Fluentd is an open source data collector for unified logging layer.

https://docs.fluentbit.io/manual/about/fluentd-and-fluent-bit

在某些在某種角度上，Fluent Bit 和 Fluentd，就好比Beats 和 Logstash，一種更輕量的數據收集和傳送的服務，在kubernetes中Fluent Bit是以daemonset形式部署在每一個node上去收集數據，在下圖就可以看到Fluentd便像是資訊收集和然後基於不同的標籤routing到不同的目的地。

https://logz.io/blog/fluentd-vs-fluent-bit/

install fluentbit

官方提供兩種主流的安裝方式，這次的例子是container log -> fluent bit -> elasticsearch

Kustomize
Helm

Kustomize

第一步是建立namespace

kubectl create namespace logging

接下來設定service account和role

準備Fluent Bit DaemonSet初版的ConfigMap，等等裡面的內容會被不同環境kustomize overlays掉

如果想要確認INPUT, FILTER, and OUTPUT 設定，可以到官方的網站(https://config.calyptia.com)

git 資料夾架構大概是如下圖，然後再用Kustomize Merge project/prod/1-fluent-bit-config.yaml 去取代[INPUT] [OUTPUT] 設定。

裡面有service.yaml 是為了給servicemonitor 做監控用的

然後在prometheus-operator 裡加上serviceMonitor

然後使用官網提供的 example dashboard 作圖

Helm Chart

依如往常的簡單，先新增fluent helm repo

helm repo add fluent https://fluent.github.io/helm-charts

建立namespace

kubectl create namespace logging

準備好fluentbit-value.yaml 後， helm install

helm install --values=fluentbit-value.yaml -n logging fluent-bit fluent/fluent-bit

fluent bit config

我大多數input plugin 都是使用tail去拿到檔案資訊，行為就像是tail -f ，raw data是依照是哪種container而有所不同，像是docker和containerd，也因為來源的不同導致[INPUT]使用的paser設定也不同。
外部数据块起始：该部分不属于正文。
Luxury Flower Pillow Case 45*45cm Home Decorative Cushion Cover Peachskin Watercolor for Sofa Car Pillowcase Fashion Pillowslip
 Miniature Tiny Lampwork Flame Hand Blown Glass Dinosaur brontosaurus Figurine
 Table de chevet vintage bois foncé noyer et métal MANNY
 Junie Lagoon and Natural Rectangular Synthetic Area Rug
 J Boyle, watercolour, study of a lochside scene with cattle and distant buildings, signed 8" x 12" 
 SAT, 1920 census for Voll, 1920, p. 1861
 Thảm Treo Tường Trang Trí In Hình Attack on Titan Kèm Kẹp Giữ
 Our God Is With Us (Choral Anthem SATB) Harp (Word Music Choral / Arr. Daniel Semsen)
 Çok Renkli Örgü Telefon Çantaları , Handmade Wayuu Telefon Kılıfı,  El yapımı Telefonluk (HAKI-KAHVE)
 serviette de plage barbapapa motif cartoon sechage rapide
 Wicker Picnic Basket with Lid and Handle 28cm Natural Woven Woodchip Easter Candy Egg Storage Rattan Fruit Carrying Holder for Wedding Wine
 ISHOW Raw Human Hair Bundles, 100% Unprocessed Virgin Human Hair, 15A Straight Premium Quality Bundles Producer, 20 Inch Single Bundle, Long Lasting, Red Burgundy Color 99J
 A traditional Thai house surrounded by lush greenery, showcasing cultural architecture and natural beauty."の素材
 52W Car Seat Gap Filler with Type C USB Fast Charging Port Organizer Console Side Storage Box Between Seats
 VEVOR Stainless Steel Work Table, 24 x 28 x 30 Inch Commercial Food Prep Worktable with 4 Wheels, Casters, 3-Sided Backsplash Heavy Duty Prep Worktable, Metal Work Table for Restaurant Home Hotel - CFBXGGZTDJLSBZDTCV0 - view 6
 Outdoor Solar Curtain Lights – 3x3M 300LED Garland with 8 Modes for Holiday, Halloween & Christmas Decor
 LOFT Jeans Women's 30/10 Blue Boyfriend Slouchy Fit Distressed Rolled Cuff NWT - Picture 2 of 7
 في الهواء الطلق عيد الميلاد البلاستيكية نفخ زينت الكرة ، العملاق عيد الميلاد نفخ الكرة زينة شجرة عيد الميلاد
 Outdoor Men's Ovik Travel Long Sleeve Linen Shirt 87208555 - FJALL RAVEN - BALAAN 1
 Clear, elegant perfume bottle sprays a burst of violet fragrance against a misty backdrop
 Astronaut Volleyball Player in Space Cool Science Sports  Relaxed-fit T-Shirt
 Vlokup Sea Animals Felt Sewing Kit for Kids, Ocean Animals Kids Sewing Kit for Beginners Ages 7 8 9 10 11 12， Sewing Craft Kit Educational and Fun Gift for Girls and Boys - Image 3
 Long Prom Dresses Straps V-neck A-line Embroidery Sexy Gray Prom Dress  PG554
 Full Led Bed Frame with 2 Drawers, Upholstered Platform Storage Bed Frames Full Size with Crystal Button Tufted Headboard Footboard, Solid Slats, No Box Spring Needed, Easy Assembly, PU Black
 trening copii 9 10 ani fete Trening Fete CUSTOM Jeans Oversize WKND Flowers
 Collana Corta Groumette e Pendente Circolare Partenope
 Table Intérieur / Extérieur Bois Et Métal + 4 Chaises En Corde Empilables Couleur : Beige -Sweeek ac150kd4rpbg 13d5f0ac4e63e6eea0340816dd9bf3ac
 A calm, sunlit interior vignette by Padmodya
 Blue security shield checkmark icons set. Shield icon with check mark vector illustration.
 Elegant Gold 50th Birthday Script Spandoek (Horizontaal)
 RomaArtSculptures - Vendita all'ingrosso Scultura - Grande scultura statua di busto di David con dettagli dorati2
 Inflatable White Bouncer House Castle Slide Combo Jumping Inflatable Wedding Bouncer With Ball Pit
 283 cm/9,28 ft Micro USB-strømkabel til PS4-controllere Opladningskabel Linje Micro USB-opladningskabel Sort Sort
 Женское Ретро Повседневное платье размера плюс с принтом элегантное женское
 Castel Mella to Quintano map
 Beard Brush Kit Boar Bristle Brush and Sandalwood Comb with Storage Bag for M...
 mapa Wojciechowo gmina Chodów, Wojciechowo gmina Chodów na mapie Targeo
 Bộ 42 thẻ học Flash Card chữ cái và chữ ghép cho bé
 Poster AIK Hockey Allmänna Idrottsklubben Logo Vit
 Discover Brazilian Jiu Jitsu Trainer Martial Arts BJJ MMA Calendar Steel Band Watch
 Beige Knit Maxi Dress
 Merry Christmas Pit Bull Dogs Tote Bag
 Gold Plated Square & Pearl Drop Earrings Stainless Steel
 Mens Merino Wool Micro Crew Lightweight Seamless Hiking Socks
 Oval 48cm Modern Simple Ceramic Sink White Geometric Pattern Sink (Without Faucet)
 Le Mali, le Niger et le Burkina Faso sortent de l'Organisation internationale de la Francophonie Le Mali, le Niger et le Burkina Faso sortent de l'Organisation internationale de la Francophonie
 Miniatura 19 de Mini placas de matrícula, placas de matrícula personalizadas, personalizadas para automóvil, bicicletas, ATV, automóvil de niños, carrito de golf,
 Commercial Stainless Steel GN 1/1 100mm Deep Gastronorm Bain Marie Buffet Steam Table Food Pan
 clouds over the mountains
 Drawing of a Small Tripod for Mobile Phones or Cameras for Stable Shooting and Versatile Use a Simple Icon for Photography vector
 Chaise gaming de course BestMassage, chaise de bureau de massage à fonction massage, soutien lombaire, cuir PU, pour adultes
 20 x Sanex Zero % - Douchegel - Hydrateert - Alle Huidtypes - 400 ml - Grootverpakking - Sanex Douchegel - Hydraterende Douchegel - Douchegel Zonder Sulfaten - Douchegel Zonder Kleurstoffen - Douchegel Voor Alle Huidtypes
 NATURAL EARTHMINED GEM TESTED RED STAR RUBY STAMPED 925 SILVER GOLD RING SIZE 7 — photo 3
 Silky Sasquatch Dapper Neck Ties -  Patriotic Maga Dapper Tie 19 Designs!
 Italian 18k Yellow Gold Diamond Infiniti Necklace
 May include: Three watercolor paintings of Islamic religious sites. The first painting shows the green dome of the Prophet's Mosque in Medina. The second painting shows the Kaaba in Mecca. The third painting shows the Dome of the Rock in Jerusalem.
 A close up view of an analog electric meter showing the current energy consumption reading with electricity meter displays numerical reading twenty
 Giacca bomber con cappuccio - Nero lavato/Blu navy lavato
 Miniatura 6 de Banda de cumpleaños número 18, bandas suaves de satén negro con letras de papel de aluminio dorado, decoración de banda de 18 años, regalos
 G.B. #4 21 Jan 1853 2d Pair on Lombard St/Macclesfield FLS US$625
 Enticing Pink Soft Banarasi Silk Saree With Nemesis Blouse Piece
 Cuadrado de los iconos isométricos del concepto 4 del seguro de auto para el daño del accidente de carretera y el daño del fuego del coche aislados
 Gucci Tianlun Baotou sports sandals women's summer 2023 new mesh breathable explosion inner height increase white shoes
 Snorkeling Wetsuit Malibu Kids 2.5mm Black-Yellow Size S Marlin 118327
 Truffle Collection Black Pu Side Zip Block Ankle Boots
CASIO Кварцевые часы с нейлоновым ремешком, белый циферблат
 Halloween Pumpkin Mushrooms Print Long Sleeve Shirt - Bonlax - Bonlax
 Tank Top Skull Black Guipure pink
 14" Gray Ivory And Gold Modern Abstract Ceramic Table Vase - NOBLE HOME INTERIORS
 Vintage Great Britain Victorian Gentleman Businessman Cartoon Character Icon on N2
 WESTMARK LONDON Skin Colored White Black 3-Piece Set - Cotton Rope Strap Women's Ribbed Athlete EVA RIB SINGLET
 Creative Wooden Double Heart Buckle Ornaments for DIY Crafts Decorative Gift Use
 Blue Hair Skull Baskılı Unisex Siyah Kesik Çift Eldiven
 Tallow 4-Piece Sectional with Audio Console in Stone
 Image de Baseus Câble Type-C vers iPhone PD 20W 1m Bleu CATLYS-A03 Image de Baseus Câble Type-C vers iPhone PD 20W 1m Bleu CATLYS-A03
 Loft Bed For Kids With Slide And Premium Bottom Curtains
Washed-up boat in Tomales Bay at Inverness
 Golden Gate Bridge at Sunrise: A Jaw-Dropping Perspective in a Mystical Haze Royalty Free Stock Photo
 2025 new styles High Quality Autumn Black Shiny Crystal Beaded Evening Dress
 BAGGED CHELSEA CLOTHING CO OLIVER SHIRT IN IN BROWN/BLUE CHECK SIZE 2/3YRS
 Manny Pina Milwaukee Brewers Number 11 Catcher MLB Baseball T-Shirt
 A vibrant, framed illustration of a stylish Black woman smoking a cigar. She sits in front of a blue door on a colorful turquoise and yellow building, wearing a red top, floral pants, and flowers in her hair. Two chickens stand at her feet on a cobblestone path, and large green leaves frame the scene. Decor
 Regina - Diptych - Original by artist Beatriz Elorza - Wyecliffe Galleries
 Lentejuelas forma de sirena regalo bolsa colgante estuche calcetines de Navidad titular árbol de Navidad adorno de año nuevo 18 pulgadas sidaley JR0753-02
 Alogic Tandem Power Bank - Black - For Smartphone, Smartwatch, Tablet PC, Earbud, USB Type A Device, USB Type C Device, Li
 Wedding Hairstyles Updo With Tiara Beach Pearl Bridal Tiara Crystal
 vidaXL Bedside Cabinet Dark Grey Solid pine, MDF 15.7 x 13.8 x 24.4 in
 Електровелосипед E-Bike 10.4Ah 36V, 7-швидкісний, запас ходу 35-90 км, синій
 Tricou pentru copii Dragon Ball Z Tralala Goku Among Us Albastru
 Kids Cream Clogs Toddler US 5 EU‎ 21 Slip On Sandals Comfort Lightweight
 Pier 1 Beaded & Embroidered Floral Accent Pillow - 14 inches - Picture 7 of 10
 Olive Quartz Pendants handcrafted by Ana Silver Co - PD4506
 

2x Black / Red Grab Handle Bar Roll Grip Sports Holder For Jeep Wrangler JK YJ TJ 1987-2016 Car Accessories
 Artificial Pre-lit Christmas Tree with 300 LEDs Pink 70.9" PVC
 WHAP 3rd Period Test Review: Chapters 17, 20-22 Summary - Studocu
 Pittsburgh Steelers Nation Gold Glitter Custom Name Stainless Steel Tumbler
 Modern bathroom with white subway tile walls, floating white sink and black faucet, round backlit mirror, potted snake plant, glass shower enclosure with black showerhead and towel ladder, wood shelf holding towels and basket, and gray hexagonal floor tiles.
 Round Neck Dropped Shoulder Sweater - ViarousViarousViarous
docker (original log source is a JSON map string)就可以直接使用JSON，

containerd 就有多一個 stdout F，所以在parser就要客製化，用regex抓出想要的資訊。

2021-01-22T03:27:45.253547129Z stdout F {"level":"info","app_id":"jeff-api","environment":"","hostname":"jys-api-server-749d876f57-6qxwh","grpc.start_time":1611286065,"grpc.service":"api.apiService","grpc.method":"EthereumCreateAddress","request_id":"56b69dd5-1234-12ab-987a-30f2311e2359","grpc.time_ms":26.612,"grpc.req":{},"grpc.resp":{"address_index":18,"address_hex":"0x4F97DAEC923BBB11a123d0123428984E522Cf750","created_at":"2021-01-22T03:27:45.227885267Z"},"access_log":true,"timestamp":1611286065,"graylog_level":6,"graylog_timestamp":1611286065.253,"message":"no message"}

使用官方推薦的ruby regular測試是否抓出自己想要的資訊。

準備好自訂的containerd Parser，過濾完的log{}變成JSON format但是有 escaped string，所以我們這裡要Decoders。

https://stackoverflow.com/questions/40406928/kubernetes-save-json-logs-to-file-with-escaped-quotes-why

完整的config在下圖，這次輸出的位置在graylog，所以使用gelf的[OUTPUT]

Fluentd

就像我一開始所提到，fluentd用於資訊收集和資料轉發，在高流量的網站，官方建議使用high-availability fluentd，去避免資料的遺失，官方提到三種可能性在

At most once: 最多傳遞一次，在有問題的情況會有可能造成訊息的遺失。
At least once: 最少傳遞一次，在有問題的情況會有可能造成同樣的訊息兩次。
Exactly once: 每個訊息只會傳遞一次，這是最理想的狀態。

一開始我想找官方提供mainfest file修改再apply，但是設定已經寫死在image裡，像是我想使用官方output es DaemonSet yaml，你還要進去pod 看fluentd 設定檔裡看 include conf.d/*.conf 再決定設定檔要mount在哪一個路徑下，可塑性蠻低的。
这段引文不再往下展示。